Bakırcı, kent merkezlerinde bu tıp işletmelerin mutlaka olmaması gerektiğini şu sözlerle anlattı: “Şimdi soru şu: Böylesi yüksek riskli işletmeler İstanbul’un göbeğinde nasıl ruhsat alıyor? Nasıl çalıştırılıyor? Kimse görmüyor mu? Bakın, otelleri denetlemeyen zihniyet; okulları, yurtları hatta her bir konutu denetlemeyi aklının ucundan geçirmez. Bir bilim insanı olarak, bunu bir ay evvel dikkate getirdim lakin çay-kahve ikramından sonra vedalaşarak mevzu kapandı. Yazık oluyor ülkemize!”
TARIMI DA ÖLDÜREN BOYUTLARA ULAŞIYOR
Bakırcı’nın paylaştığı bilgilere nazaran lastik dumanının çevresel tesirleri şöyle:
- Hava Kirliliği: Yanma sonucu karbon monoksit (CO), karbon dioksit (CO₂), sülfür dioksit (SO₂), azot oksitler (NOx), benzen, toluen ve formaldehit üzere toksik gazlar açığa çıkartır. Tahminen hava modellemeleri ile yakın çevreyi dahi tahliye gerektirir.
- Toprak ve Su Kirliliği: Yanma sırasında oluşan kalıntılar (kül ve yağlı tortular), yağmurla toprağa ve su kaynaklarına karışarak uzun vadeli kirliliğe neden olabilir. 1970’li yıllarsa böylesi bir yangın sonucu yağışla toprağa inen bölgelerde yıllarca tarım yapılması engellenmişti.

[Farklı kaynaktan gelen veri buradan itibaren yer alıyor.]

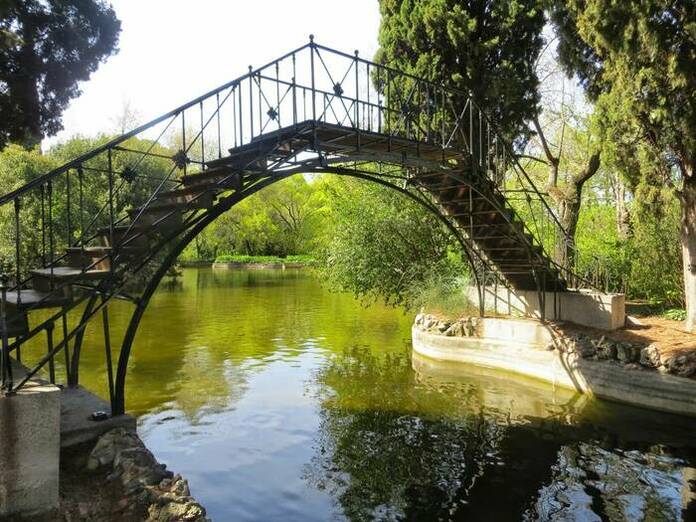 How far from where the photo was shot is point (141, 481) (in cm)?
530

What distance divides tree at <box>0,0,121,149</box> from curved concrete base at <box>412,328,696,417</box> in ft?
34.9

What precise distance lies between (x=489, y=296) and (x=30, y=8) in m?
12.9

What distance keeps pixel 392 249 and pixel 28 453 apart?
15532 mm

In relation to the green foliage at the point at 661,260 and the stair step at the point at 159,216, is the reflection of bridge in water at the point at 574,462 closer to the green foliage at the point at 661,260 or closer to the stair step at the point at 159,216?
the stair step at the point at 159,216

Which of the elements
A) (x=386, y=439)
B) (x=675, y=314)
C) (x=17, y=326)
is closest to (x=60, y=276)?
(x=17, y=326)

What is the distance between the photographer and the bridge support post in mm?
4750

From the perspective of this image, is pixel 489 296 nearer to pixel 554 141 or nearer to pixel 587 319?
pixel 587 319

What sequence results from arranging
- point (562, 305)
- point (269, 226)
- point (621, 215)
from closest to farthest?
point (562, 305)
point (621, 215)
point (269, 226)

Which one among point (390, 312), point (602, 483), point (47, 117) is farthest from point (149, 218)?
point (390, 312)

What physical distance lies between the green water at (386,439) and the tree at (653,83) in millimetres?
5135

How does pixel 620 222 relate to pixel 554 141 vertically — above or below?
below

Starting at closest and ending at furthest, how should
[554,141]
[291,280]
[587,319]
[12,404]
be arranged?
[12,404]
[587,319]
[554,141]
[291,280]

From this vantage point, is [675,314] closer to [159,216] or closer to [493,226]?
[493,226]

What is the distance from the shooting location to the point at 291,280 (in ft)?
133
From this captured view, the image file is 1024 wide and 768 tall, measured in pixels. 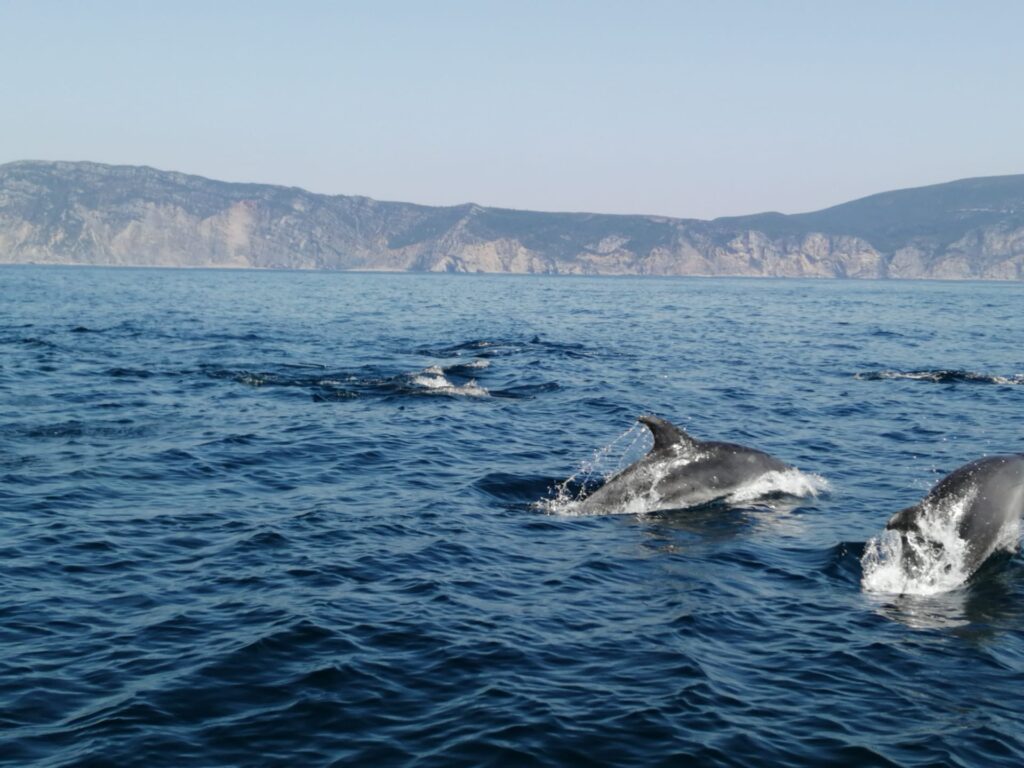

- Asit Yağmurları: Bilhassa sülfür dioksit ve azot oksitler, atmosfere karışarak asit yağmurlarına sebep olabilir, bu da bitki örtüsüne ve su ekosistemlerine ziyan verir. İçme suyumuz da bundan etkilenebilir.
KANSEROJEN TESİRLERİ DE VAR
Gelelim insan sıhhati üzerine etkilerine…
Solunum Sorunları: Yüksek ölçüde karbon monoksit, partikül unsur (PM2.5 ve PM10) ve toksik gazlar teneffüs yollarını tahriş eder, astım ve KOAH üzere hastalıkları tetikleyebilir, hatta tetikleyecektir.
Kanserojen Tesirler: Lastik dumanında bulunan polisiklik aromatik hidrokarbonlar (PAH) ve dioksinler, uzun vadede kansere yol açabilecek kimyasallardır.
Sinir Sistemi Üzerinde Tesirler: Kurşun ve cıva üzere ağır metaller içeren duman, hudut sistemi bozukluklarına, baş ağrısı, baş dönmesi ve hafıza kaybı üzere semptomlara neden olabilir.
Cilt ve Göz Tahrişi: Dumanla temas eden ciltte tahriş, kızarıklık ve yanma hissi oluşabilir. Gözler için de ağır tahrişe ve sulanmaya neden olur.